I made it through high school and into college before I really paid any attention to the visual aspects of anything. And now, having blinkingly discovered this side of life as an adult, I'm more attached than I might otherwise be. I love looking at the world as it used to be, the gritty depiction of the America of my grandparents' youth. This is a world where the fresh-scrubbed picture of society from the WW2 propaganda pictures comes crashing down, a world where people are weak and life is harsh. No spin doctors here. Hotels have their own detectives. Nobody seems to like daylight. Everyone smokes and drinks and cheats on their spouse. It's always raining.

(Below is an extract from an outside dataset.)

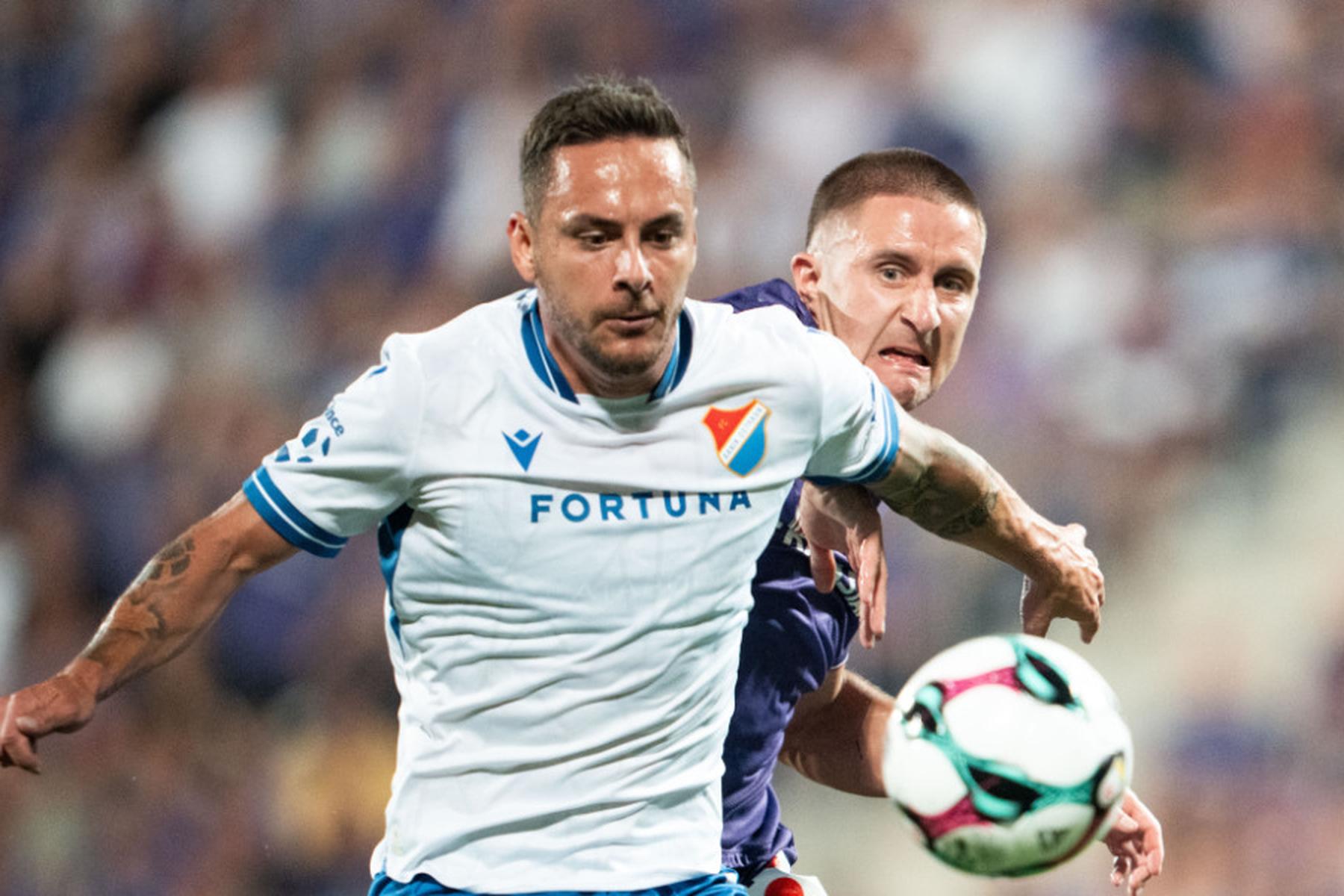 Wien: Austria verpasst Wende: CoL-Out nach 1:1 gegen Ostrava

Color was newly available to movie makers in 1944, but with Double Indemnity black and white was conscientiously chosen and made a character in the movie. In what became a pattern for noir films, much of the action occurs at night and everything takes place obscured by deep shadow and in a haze of cigarette smoke. The main noir character is often a man at odds with society, someone misunderstood and often feared or despised. The story is told from the point of view of the criminal; the movie's whole perspective is that of the criminal element--we are practically encouraged to root for the anti-social. Fred MacMurray's character, insurance agent Walter Neff, is generally sympathetic--moreso than with many noir characters--but Barbara Stanwyck more than makes up for it. In any case, we have a front row seat for a series of bad decisions which result in his seemingly-inevitable slide to the dark side.

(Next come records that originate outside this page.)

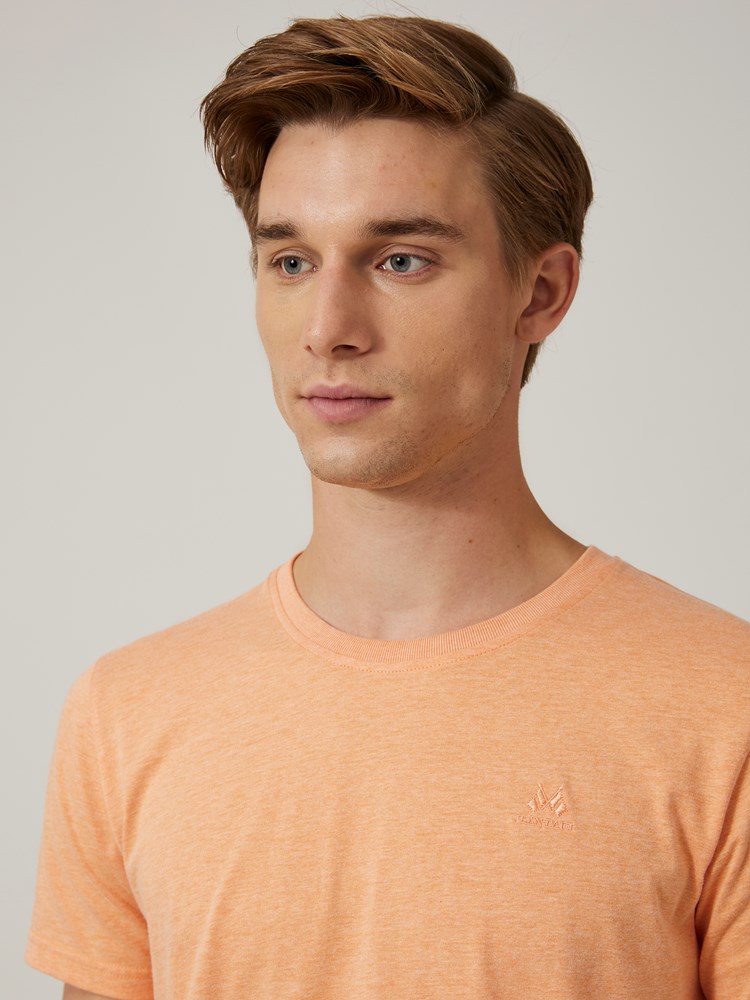 Andre t-skjorte 7502802_K2M-JEANPAUL-A23-Front_8679_Andre t-skjorte K2M.jpg_Front||Front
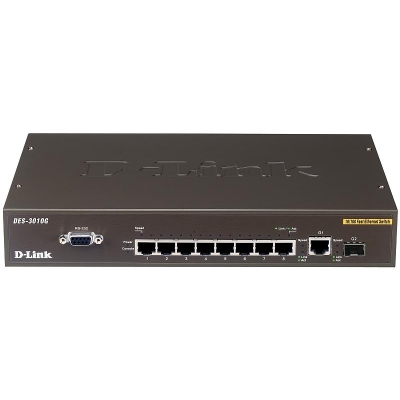 D-Link DES-3010G D-Link DES-3010G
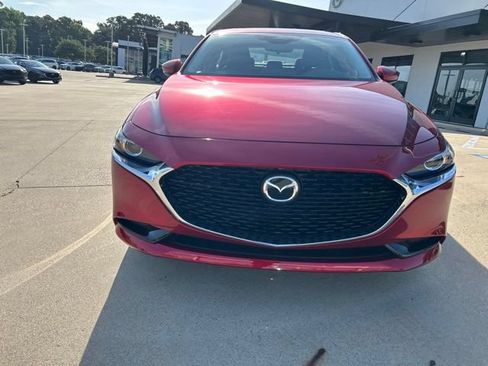 New 2026 MAZDA MAZDA3 2.5 S Sedan w/ Preferred Pkg FWD image 2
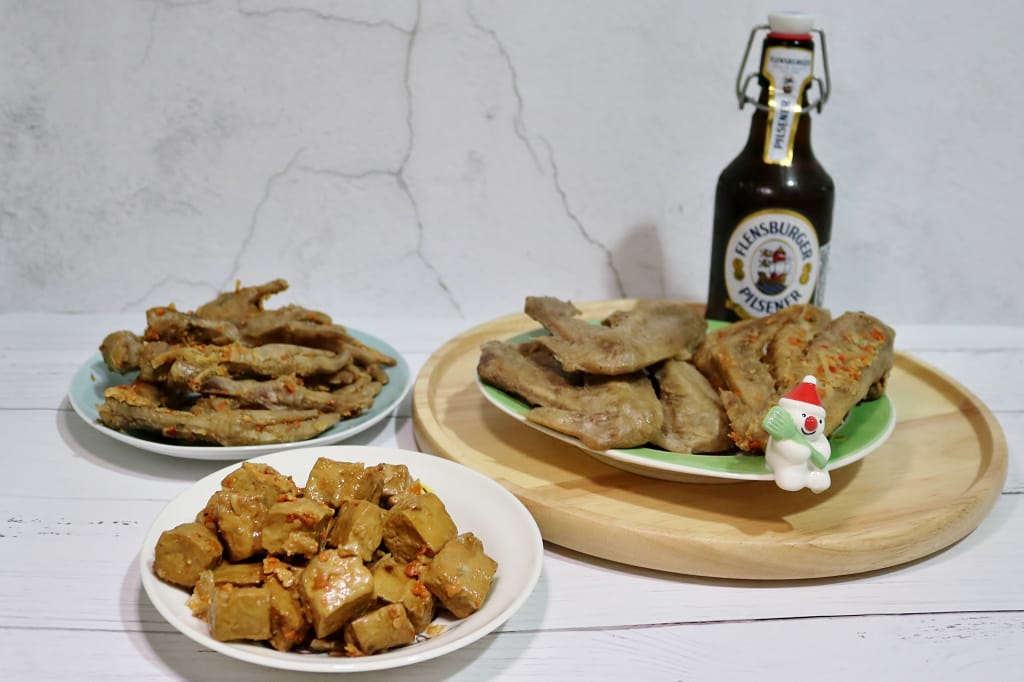 宅配｜Fafugu 發福浪人的滷味 宅配美食．滷味推薦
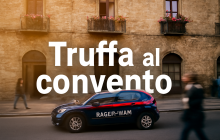 Truffa al convento di Napoli: falso carabiniere denunciato, recuperati 30mila euro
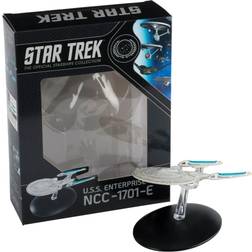 Star Trek Eaglemoss USS Enterprise NCC-1701-E (Film First Contact)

For those not already familiar with the story, Barbara Stanwyck is married to a stuffy oil executive, and decides, with a little help, to make sure his accident insurance is in order and then have him knocked off for a big payday (this story--adulterers committing murder for money!--while it may sound commonplace in 2006, is a steel toe to the groin of polite, churchgoing 1944 society). The help comes in the form of the cast-against-type MacMurray, who is lured as they always are to the femme fatale, and to his stumbling downfall. Is it love? Infatuation? Hubris? The thrill of the chase? Walter Neff dabbles in all these things, and is convinced that, being an insurance man himself, he can perfectly fool the system. But the deception is smelled out by Claims Manager Barton Keyes, who is a close personal friend and coworker of Neff. And, of course, nothing ends up being quite what it seems initially, and worlds collide. It's cat and mouse, with a bit of detective intrigue thrown in.

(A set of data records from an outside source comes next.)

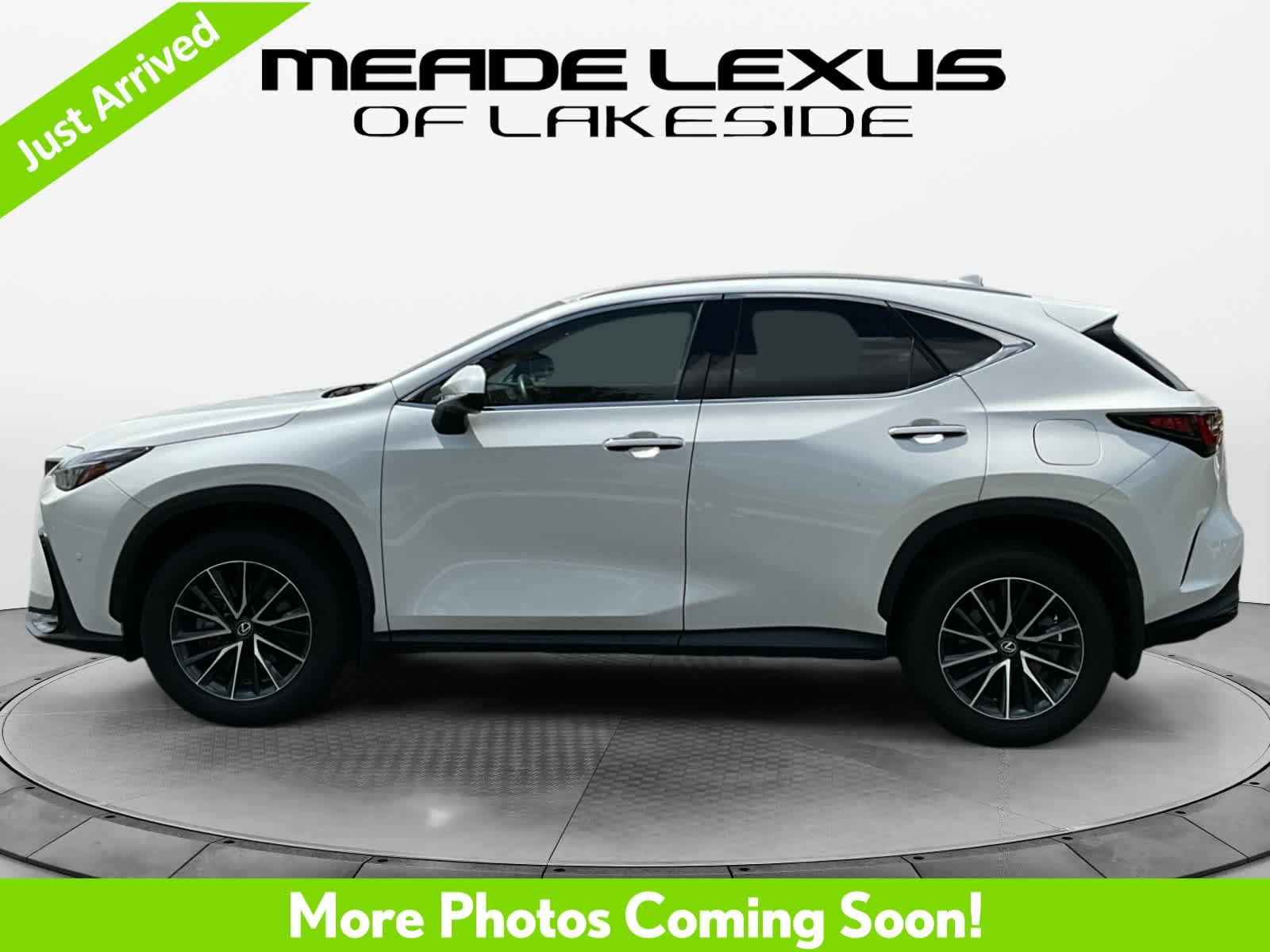 2024 Lexus NX 350h NX 350h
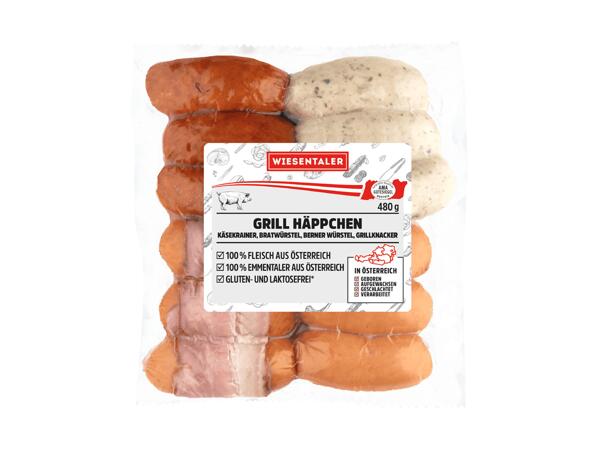 Grillhäppchen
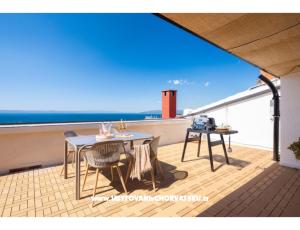 Mia Penthouse Appartement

It's the relationship between Walter Neff and Barton Keyes that really makes the movie, and indeed the role of Barton Keyes was juicy enough to lure headliner Edward G. Robinson to accept a supporting part. This is, in an unorthodox fashion, the love center of the movie. They're not lovers, of course, but only close friends; but without this source of warmth, we could not gauge Neff's fall nor the icy emptiness of Phyllis Dietrichson. Barton Keyes is a blustering, cranky bully, and yet Robinson manages to play him with great subtlety and absolute conviction and it's a thrill to watch. Barbara Stanwyck was also at the top of her game--she is cited by one of the film historians in the DVD's special features as perhaps Hollywood's greatest actress of all time--and this polish and confidence is played against Fred MacMurray, who was still relatively unknown and a man personally opposed to playing so unsavory a character. MacMurray's essential goodness plays well here, and makes his slide a bit awkward and more believable.

It takes the older movies--movies which were so much a product of the restrictive production codes of the time--to show us how badly our modern action flicks miss the mark. Hollywood so often fails utterly to grasp the concept that less can be much, much more. This movie is all about the story--not about the size of the explosions or the body count. It's about temptation and inner conflict; it's about the dark corners of the human psyche and the frailty of human will. The whole story is about the anticipation of what might happen, and our hope that the inevitable might be averted. This is a movie which I would strap Jerry Bruckheimer down and force him to watch again and again until some sense of subtlety and aesthetic sophistication oozed osmotically into his over-caffeinated, television-raised psyche.

I give this one an A+

2 comments:

Joshua said...

I decided, after taking my SECOND film class (I really like A's) that the category "Film Noir" should include all movies by Eddie Murphy, SAmuel L Jackson, and Lawrence Fishbourne.

Bah Dum Bump.

Trombonology said...

A terrific post -- I enjoyed your comments immensely!